### Excerpted records
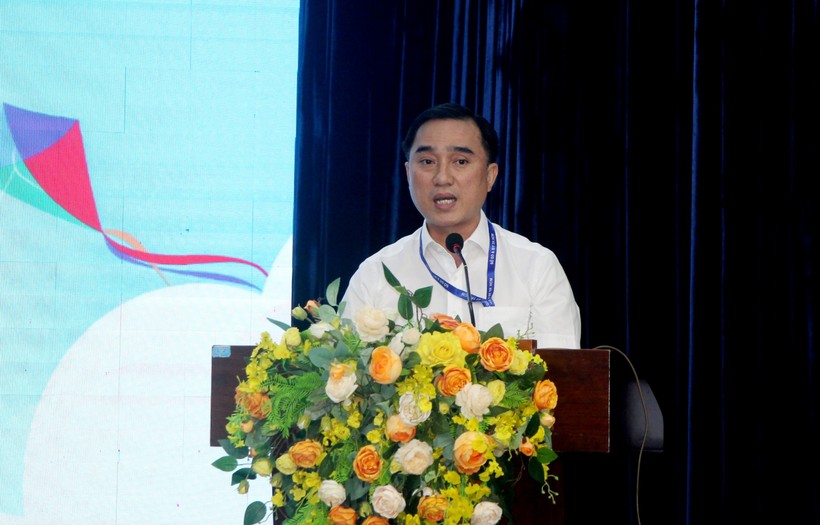 Ông Trần Ngọc Huy phát biểu tại buổi lễ ra mắt.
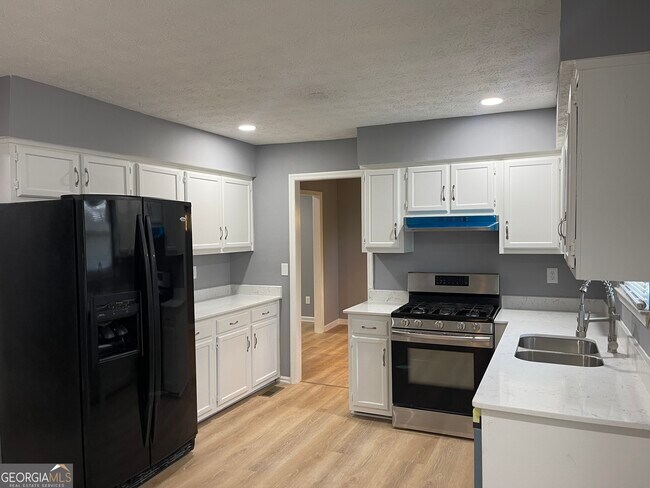 Building Photo - 235 Deerfield Dr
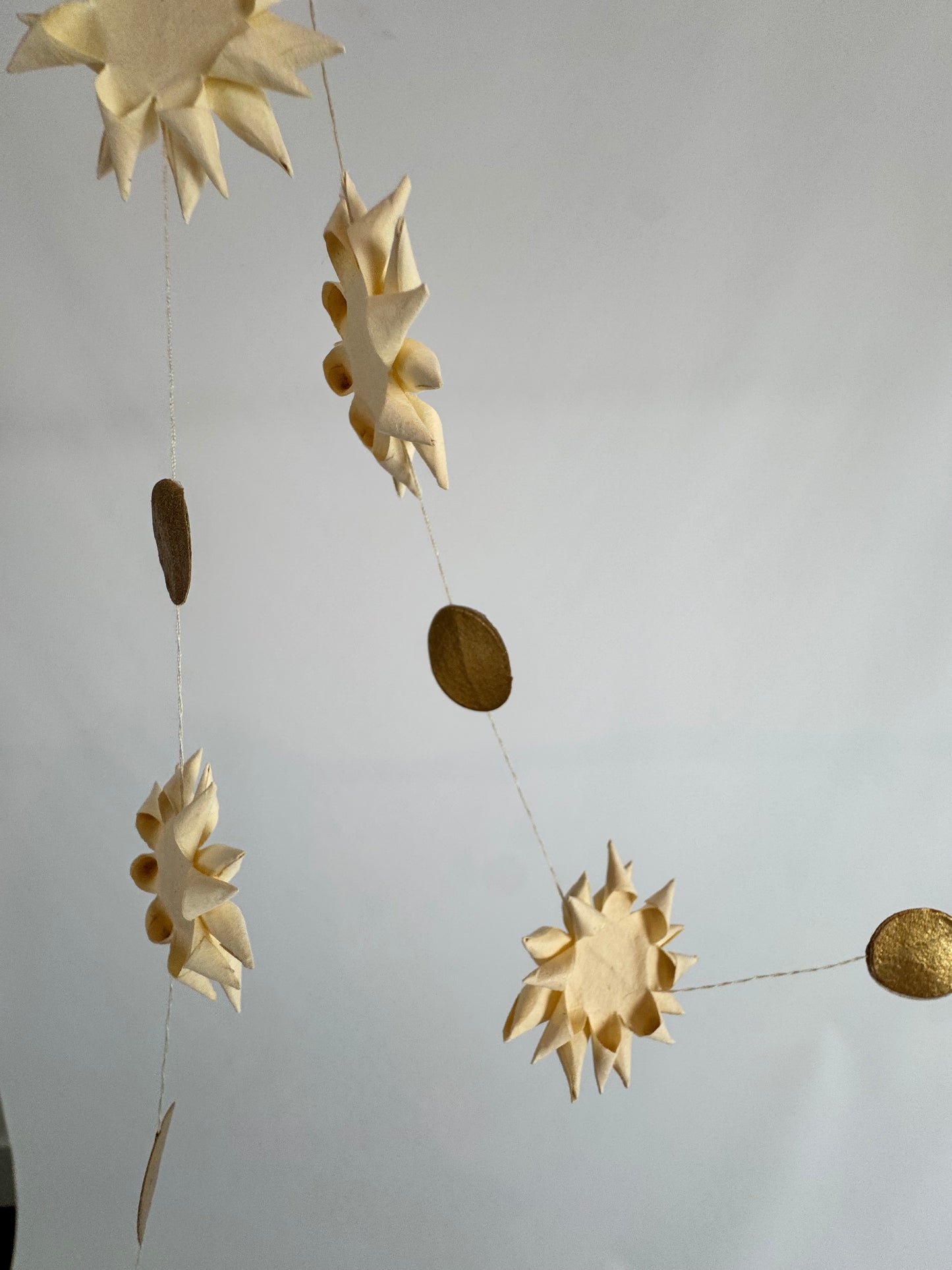 A World of Craft Kotte Dot Garland White/Gold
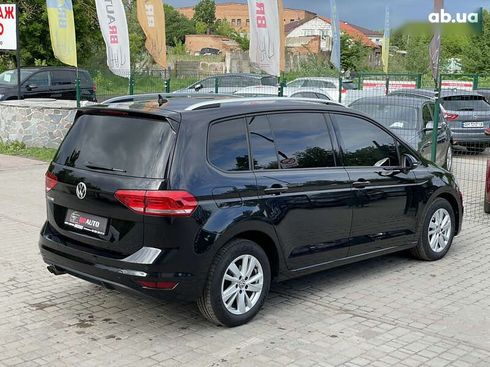 Volkswagen Touran 2020 - фото 15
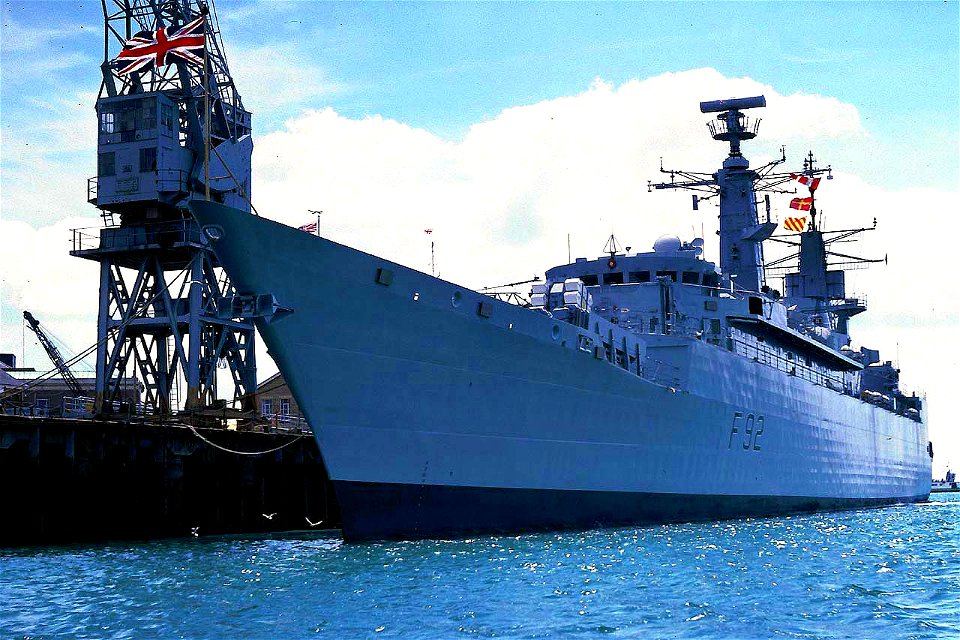 F92 HMS Boxer 1984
######
■ Task
Images stay out; everything else in the records must be given again exactly.

■ Written solution
 Ông Trần Ngọc Huy phát biểu tại buổi lễ ra mắt.
 Building Photo - 235 Deerfield Dr
 A World of Craft Kotte Dot Garland White/Gold
 Volkswagen Touran 2020 - фото 15
 F92 HMS Boxer 1984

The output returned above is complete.